----- DATA TO EXAMINE

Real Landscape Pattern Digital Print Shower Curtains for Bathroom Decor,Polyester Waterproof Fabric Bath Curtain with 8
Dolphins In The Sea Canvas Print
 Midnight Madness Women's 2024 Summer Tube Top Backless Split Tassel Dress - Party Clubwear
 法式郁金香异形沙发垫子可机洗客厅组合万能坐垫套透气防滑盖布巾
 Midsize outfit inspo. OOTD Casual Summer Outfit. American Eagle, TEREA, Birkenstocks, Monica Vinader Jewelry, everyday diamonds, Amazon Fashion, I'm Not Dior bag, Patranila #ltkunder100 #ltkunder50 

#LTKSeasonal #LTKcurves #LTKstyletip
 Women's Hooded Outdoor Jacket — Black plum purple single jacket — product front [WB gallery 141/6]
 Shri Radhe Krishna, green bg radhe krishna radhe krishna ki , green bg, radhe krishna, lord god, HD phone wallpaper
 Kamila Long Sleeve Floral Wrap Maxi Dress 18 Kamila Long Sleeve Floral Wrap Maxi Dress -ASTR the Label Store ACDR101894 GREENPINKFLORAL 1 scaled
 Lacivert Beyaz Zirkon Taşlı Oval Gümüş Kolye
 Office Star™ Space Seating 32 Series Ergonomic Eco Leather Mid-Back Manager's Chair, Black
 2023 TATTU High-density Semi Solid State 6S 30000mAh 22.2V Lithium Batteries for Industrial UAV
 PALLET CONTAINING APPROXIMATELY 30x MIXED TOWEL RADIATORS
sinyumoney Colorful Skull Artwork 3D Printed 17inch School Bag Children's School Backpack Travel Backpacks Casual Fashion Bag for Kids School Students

----------

** TRY IT **
Would you output every entry exactly as it was written?

** ANSWER SECTION **
Real Landscape Pattern Digital Print Shower Curtains for Bathroom Decor,Polyester Waterproof Fabric Bath Curtain with 8
Dolphins In The Sea Canvas Print
 Midnight Madness Women's 2024 Summer Tube Top Backless Split Tassel Dress - Party Clubwear
 法式郁金香异形沙发垫子可机洗客厅组合万能坐垫套透气防滑盖布巾
 Midsize outfit inspo. OOTD Casual Summer Outfit. American Eagle, TEREA, Birkenstocks, Monica Vinader Jewelry, everyday diamonds, Amazon Fashion, I'm Not Dior bag, Patranila #ltkunder100 #ltkunder50 

#LTKSeasonal #LTKcurves #LTKstyletip
 Women's Hooded Outdoor Jacket — Black plum purple single jacket — product front [WB gallery 141/6]
 Shri Radhe Krishna, green bg radhe krishna radhe krishna ki , green bg, radhe krishna, lord god, HD phone wallpaper
 Kamila Long Sleeve Floral Wrap Maxi Dress 18 Kamila Long Sleeve Floral Wrap Maxi Dress -ASTR the Label Store ACDR101894 GREENPINKFLORAL 1 scaled
 Lacivert Beyaz Zirkon Taşlı Oval Gümüş Kolye
 Office Star™ Space Seating 32 Series Ergonomic Eco Leather Mid-Back Manager's Chair, Black
 2023 TATTU High-density Semi Solid State 6S 30000mAh 22.2V Lithium Batteries for Industrial UAV
 PALLET CONTAINING APPROXIMATELY 30x MIXED TOWEL RADIATORS
sinyumoney Colorful Skull Artwork 3D Printed 17inch School Bag Children's School Backpack Travel Backpacks Casual Fashion Bag for Kids School Students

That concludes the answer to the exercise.